The gross non-performing assets (GNPAs) of banks are expected to cross Rs 10 lakh crore by March 2022, a ASSOCHAM-Crisil joint study had said.
"NPAs are expected to rise to 8.5-9 per cent by March 2022, driven by slippages in retail, micro, small and medium enterprise (MSME) accounts, besides some restructured assets," according to the study titled, 'Reinforcing the code,' conducted by The Associated Chambers of Commerce and Industry of India (ASSOCHAM) jointly with credit rating agency Crisil.
"The effectiveness of the Insolvency and Bankruptcy Code (IBC) will be tested by the potential spike in NPAs as the standstill on initiation of fresh insolvency cases for a year ended in March 2021 and as most of the pandemic-induced policies or measures are unlikely to be continued," said the study.
The ASSOCHAM-Crisil study also noted that the expected increase in GNPAs of both banks and non-banks this fiscal because of the pandemic will provide an opportunity for players in the stressed assets market through resolution via various routes, with IBC likely to be the most preferred.
It said that the GNPAs of banks have declined from the peak seen in March 2018 and were lower as of March 2021 vis-a-vis March 2020 on account of supportive measures, including the six-month debt moratorium, emergency credit line guarantee scheme (ECLGS) loans and restructuring measures.
The study noted that the current asset quality stress cycle will be different than that witnessed a few years back. "NPAs then came primarily from bigger, chunkier accounts. This time, smaller accounts, especially the MSME and retail segments, are expected to be more vulnerable than large corporates, as the latter have consolidated and deleveraged their balance sheets considerably in the past few years."

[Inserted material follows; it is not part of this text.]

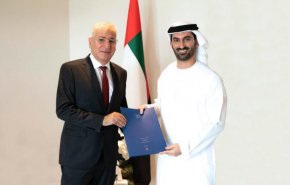 سفير الاحتلال الإسرائيلي لدى الإمارات يقدم أوراق اعتماده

It, however, said that while the restructuring scheme announced for MSMEs and small borrowers should prevent the NPAs from rising too much, there is an opportunity for stressed asset investors with expertise and interest in these asset classes.
The study also highlighted that risk management practices of Indian banks, especially public sector banks, have scope for improvement. In the past, laws were not in favour of lenders and allowed erring promoters to exploit the tedious recovery procedure. This is borne out by the high number of wilful defaulters of banks.
However, the RBI has tightened norms for such defaulters and made stressed asset resolution norms more stringent. That, coupled with increased resolution of large-ticket NPAs under the IBC framework, have contributed to better recovery of NPAs.